Le meilleur exemple de la distorsion des équilibres entre les trois éléments Etat-population-police est apporté par la France d’aujourd’hui où la population, énervée, conteste, proteste et manifeste. L’Etat, de plus en plus permissif, s’appuie sur sa police de plus en plus répressive, et dépressive, qui le prend en quelque sorte en otage, obtenant de lui tout et même le reste, face à la haine ambiante. Les suicides, donc, se multiplient...

et des manifestants ont même hurlé à la face des policiers : « Suicidez-vous ! », et autres propos de corps de garde, suscitant une juste indignation. En Algérie, le symptôme est le même, même si sa manifestation est différente car plus complexe.

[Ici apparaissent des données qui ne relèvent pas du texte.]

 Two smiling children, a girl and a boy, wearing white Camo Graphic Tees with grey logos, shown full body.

C’est en regardant alentour que nous prenons la mesure de l’importance de la stabilité régnant dans le royaume, en dépit des blocs de contestation qui ne manquent pas, sectoriels, culturels, sociaux et politiques. La police et les services, jadis honnis car effrayants, sont partie intégrante de la population, dans un équilibre des trois éléments Etat-population-services. Les abus existent toujours et les excès sévissent encore, mais globalement, et en dépit des remontrances des ONG de défense des droits, le calme règne dans un meilleur respect des règles, toutes choses étant bien évidemment perfectibles par ailleurs.

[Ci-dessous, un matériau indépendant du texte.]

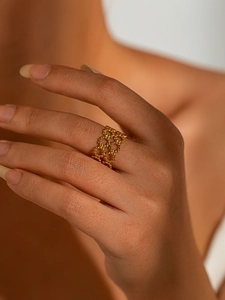 Detail shot of golden beaded hollow ring showing fine craftsmanship on finger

Au Maroc, la population connaît de multiples problèmes mais l’Etat n’use pas de violence pour la traiter, malgré les charges sur la politique sécuritaire, et il n’existe pas de haine ou de rejet de la police par les gens ; il y a une différence entre manifestations musclées et manifestants haineux. Bien malheureusement, il existera toujours des gens qui contesteront cette réalité, à la recherche d’une improbable perfection et d’inavouables objectifs, et dans une remise en cause systématique, de tout et de tous, qui ne faiblit pas. C’est au mieux dommage, au pire dangereux.